● TASK: Exactly reproduce the lines from the line containing "Witch Enchanter Witch-Blessed" to the end of the data below, inclusive, and nothing else.
(SUPPLIED RECORDS Opens)
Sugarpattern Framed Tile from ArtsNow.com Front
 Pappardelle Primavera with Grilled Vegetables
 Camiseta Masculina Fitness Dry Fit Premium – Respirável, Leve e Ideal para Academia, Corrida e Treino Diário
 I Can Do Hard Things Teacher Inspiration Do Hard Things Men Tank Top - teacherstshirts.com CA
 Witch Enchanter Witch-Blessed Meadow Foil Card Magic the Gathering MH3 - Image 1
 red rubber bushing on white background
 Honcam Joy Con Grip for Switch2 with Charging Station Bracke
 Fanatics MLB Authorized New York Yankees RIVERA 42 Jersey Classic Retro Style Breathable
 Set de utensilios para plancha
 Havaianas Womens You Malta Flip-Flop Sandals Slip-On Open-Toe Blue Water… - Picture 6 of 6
(SUPPLIED RECORDS Closes)
● TASK RESULT:
 Witch Enchanter Witch-Blessed Meadow Foil Card Magic the Gathering MH3 - Image 1
 red rubber bushing on white background
 Honcam Joy Con Grip for Switch2 with Charging Station Bracke
 Fanatics MLB Authorized New York Yankees RIVERA 42 Jersey Classic Retro Style Breathable
 Set de utensilios para plancha
 Havaianas Womens You Malta Flip-Flop Sandals Slip-On Open-Toe Blue Water… - Picture 6 of 6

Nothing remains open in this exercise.